The Reformer and the Redhead is a 1950 American romantic comedy film written, produced and directed by Norman Panama and Melvin Frank and starring the real-life husband-and-wife team of Dick Powell and June Allyson.

==Plot==
Kathleen Maguire is the daughter of zookeeper Dr. Kevin G. Maguire, who is fired from his job for political reasons. She seeks help from crusading young attorney Andrew Rockton Hale. Trouble comes in the form of both political corruption and a loose lion.

==Cast==
- June Allyson as Kathleen Maguire
- Dick Powell as Andrew Rockton Hale
- David Wayne as Arthur Colner Maxwell
- Cecil Kellaway as Dr. Kevin G. Maguire
- Ray Collins as Commodore John Balwind Parker
- Robert Keith as Tim Harveigh
- Marvin Kaplan as Leon
- Kathleen Freeman as Lily Rayton Parker
- Wally Maher as Jerry Nolard Boyle
- Alex Gerry as James I. Michell
- Charles Evens as Mr. Eberle
- Paul Maxey as Thompson
Uncredited:
- Matt Moore as Butler
- John Hamilton as Police captain
- Frank Sully as Officer
- Mario Siletti as Italian storekeeper
- Theodore Von Eltz as Announcer
- Jerry Paris as Page boy
- Mae Clarke as Clerk
- Spring Byington as Voice of Kathleen's mother
- Tor Johnson as Big Finnish man
- Edward Peil, Sr. as Gateman

== Production ==
The screenplay for The Reformer and the Redhead was adapted from a story written by Robert Carson that was published in the Saturday Evening Post on January 15, 1949. Soon after the publication, MGM acquired the rights and announced the film project as a vehicle for star Lana Turner, who had not appeared in a film since The Three Musketeers the previous year following her marriage to millionaire socialite Bob Topping.
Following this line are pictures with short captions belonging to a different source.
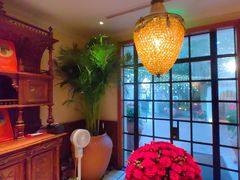 -玫瑰厅上海菜(兴国路店)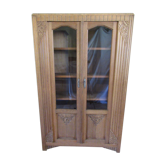 Parisian glazed wardrobe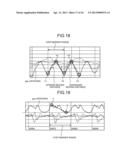 MOBILE ELECTRONIC DEVICE AND WALKING POSTURE DIAGNOSTIC METHOD diagram and image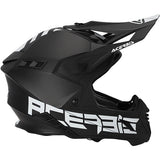 ACERBIS - CASCO X-TRACK 2206 NERO 2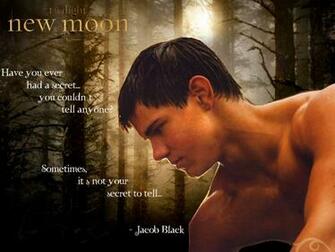 New Moon Wallpaper Twilight Series
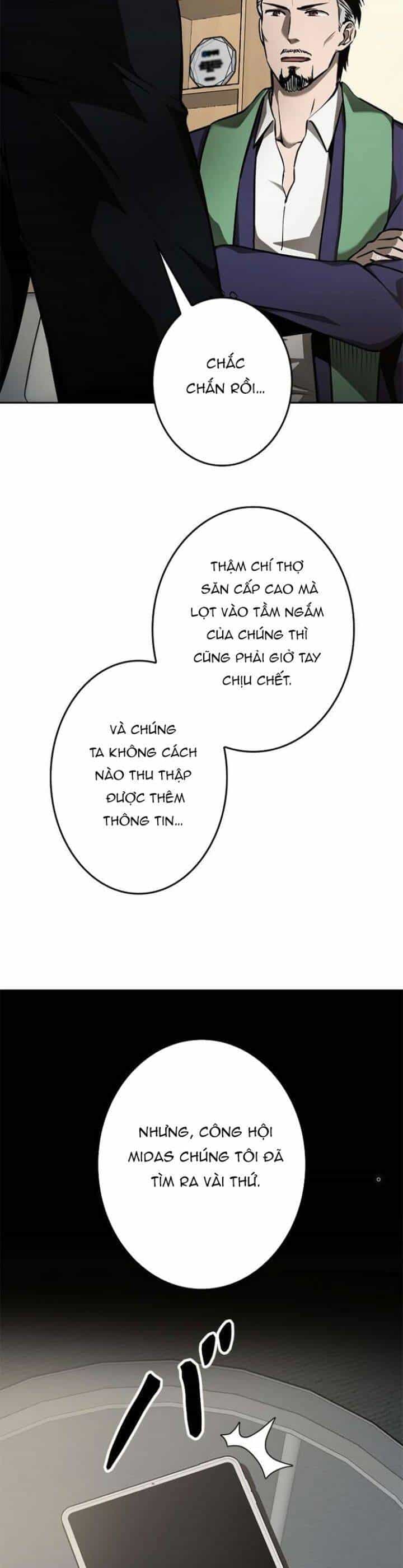 Chinh Phục Ngục Tối Bằng Sao Chép Dán! - Chương 12 - ảnh 53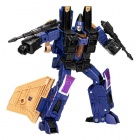 Figu: Transformers Generations Legacy - Dirge (18cm)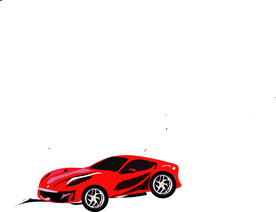 小汽车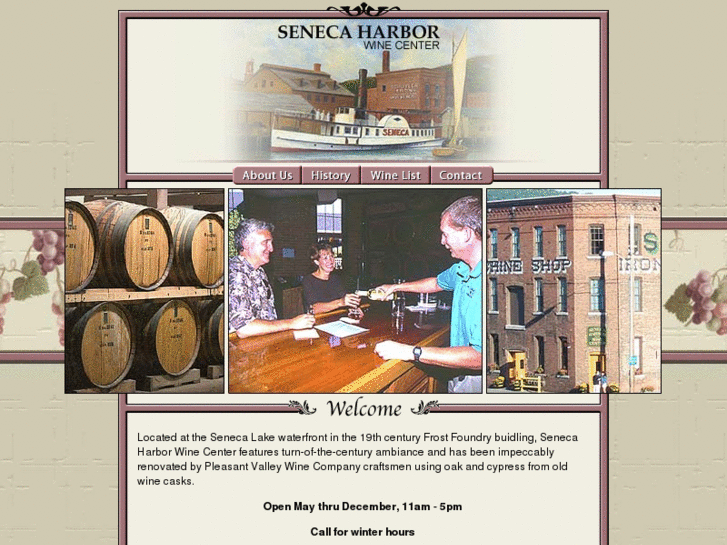 www.senecaharborwine.com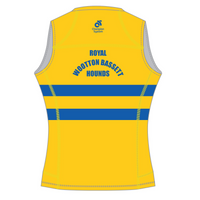 Apex Women's Run Singlet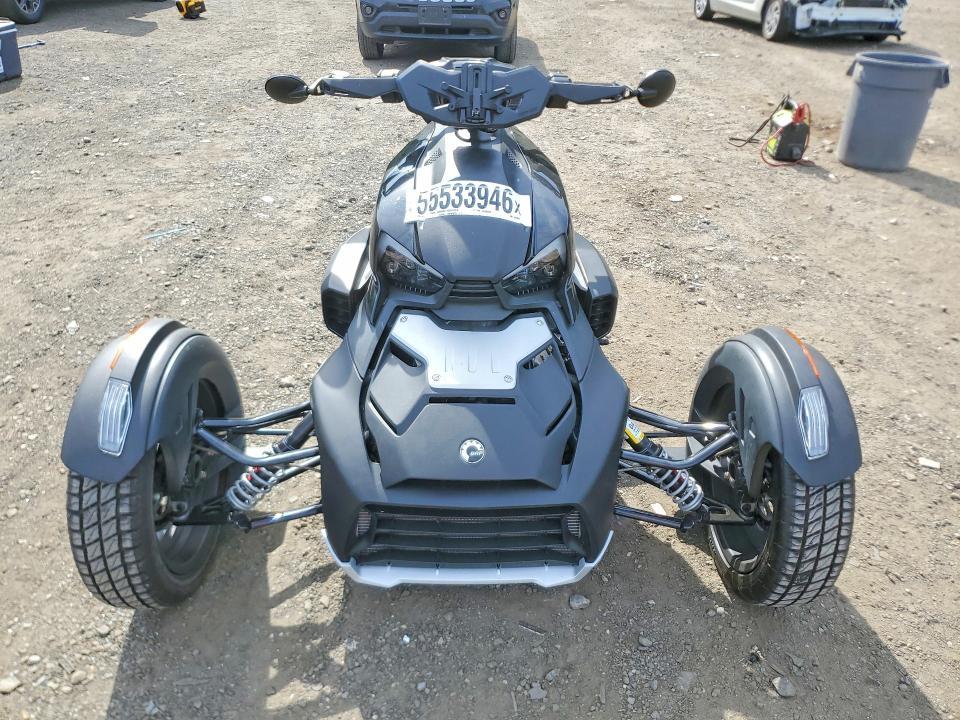 2021 Can-Am Ryker Rally Edition
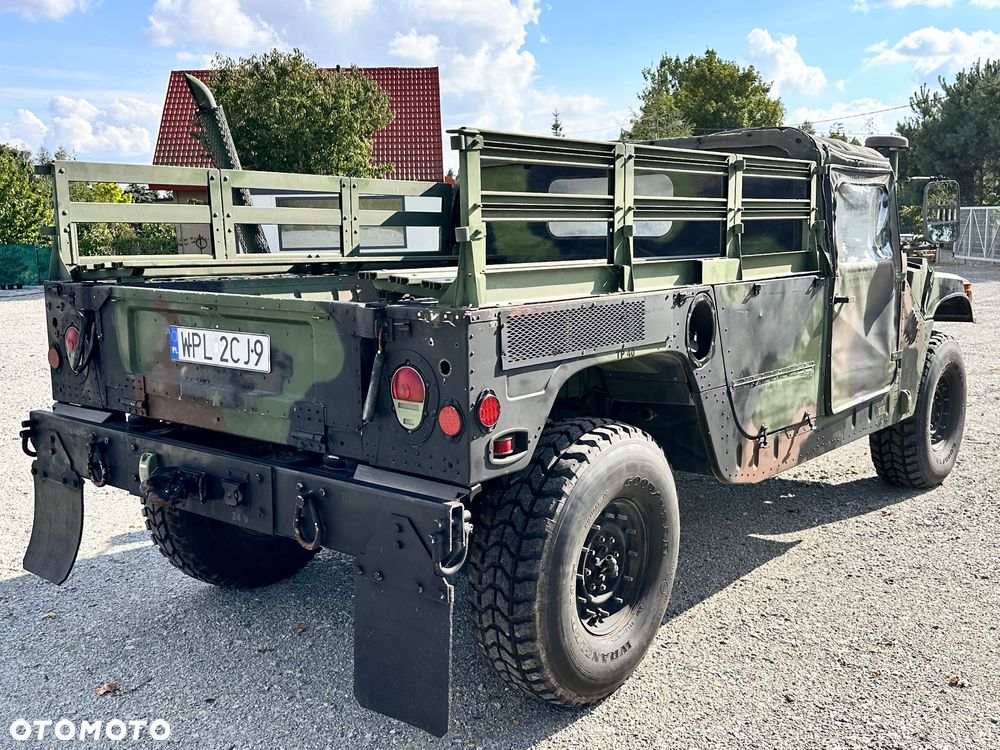 Hummer H1 - 7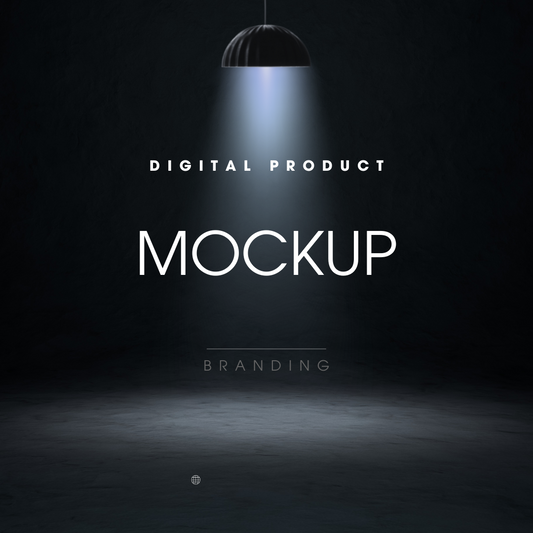Farky - mockup brand finanziari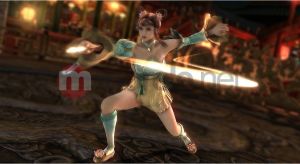 Soul Calibur V 5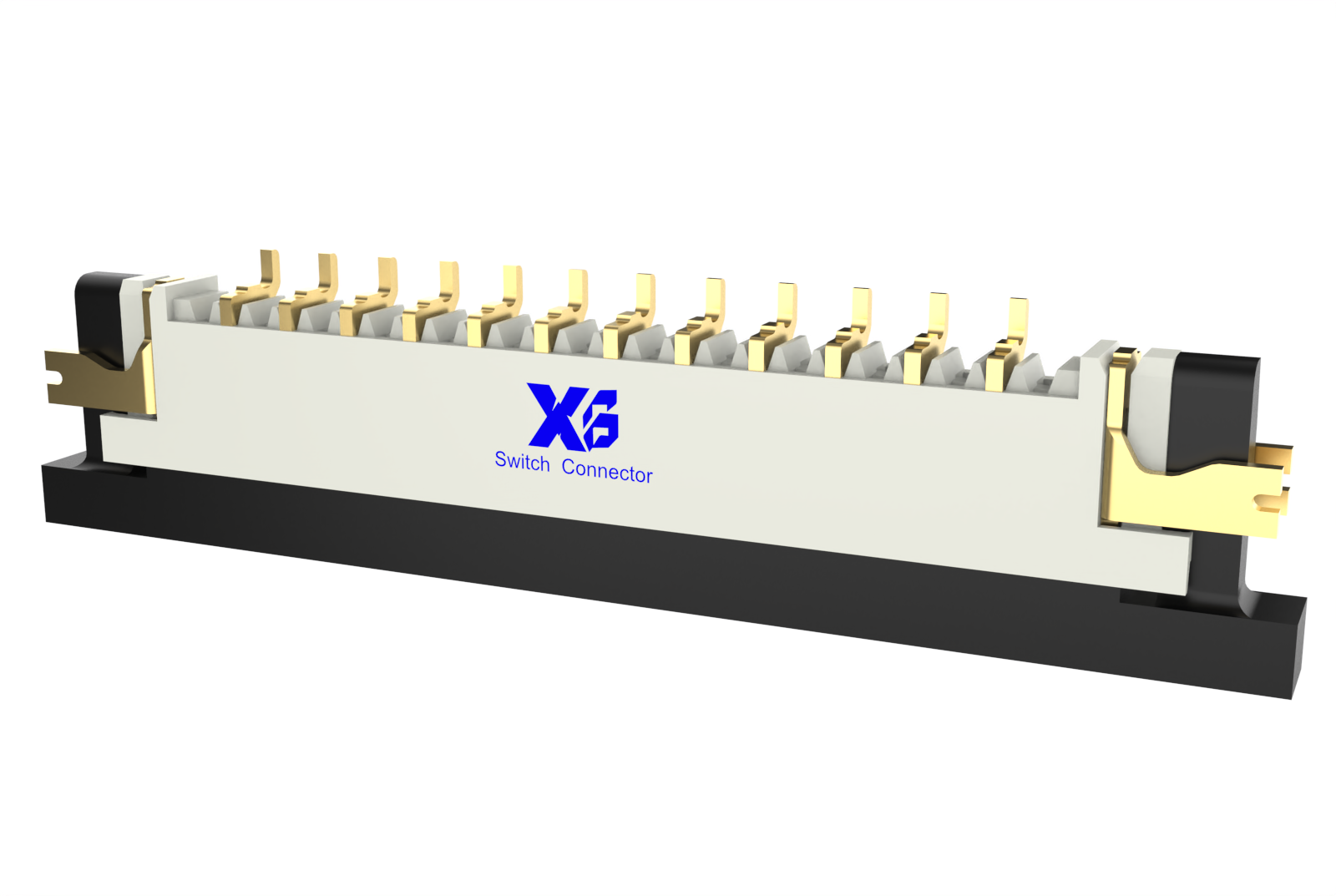 XB-FPC-CF-23121D0R0-10-NH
In the coming months, the Hollywood press speculated that Turner, who was reported to be yachting with Topping in Florida, might lose her scheduled roles in two films that had been planned for her, Running of the Tide and The Reformer and the Redhead. By July, the role was assigned instead to June Allyson, who would play the romantic lead with her real-life husband Dick Powell.

==Reception==
According to MGM records, the film earned $1,688,000 in the U.S. and Canada and $439,000 elsewhere, resulting in a profit of $214,000.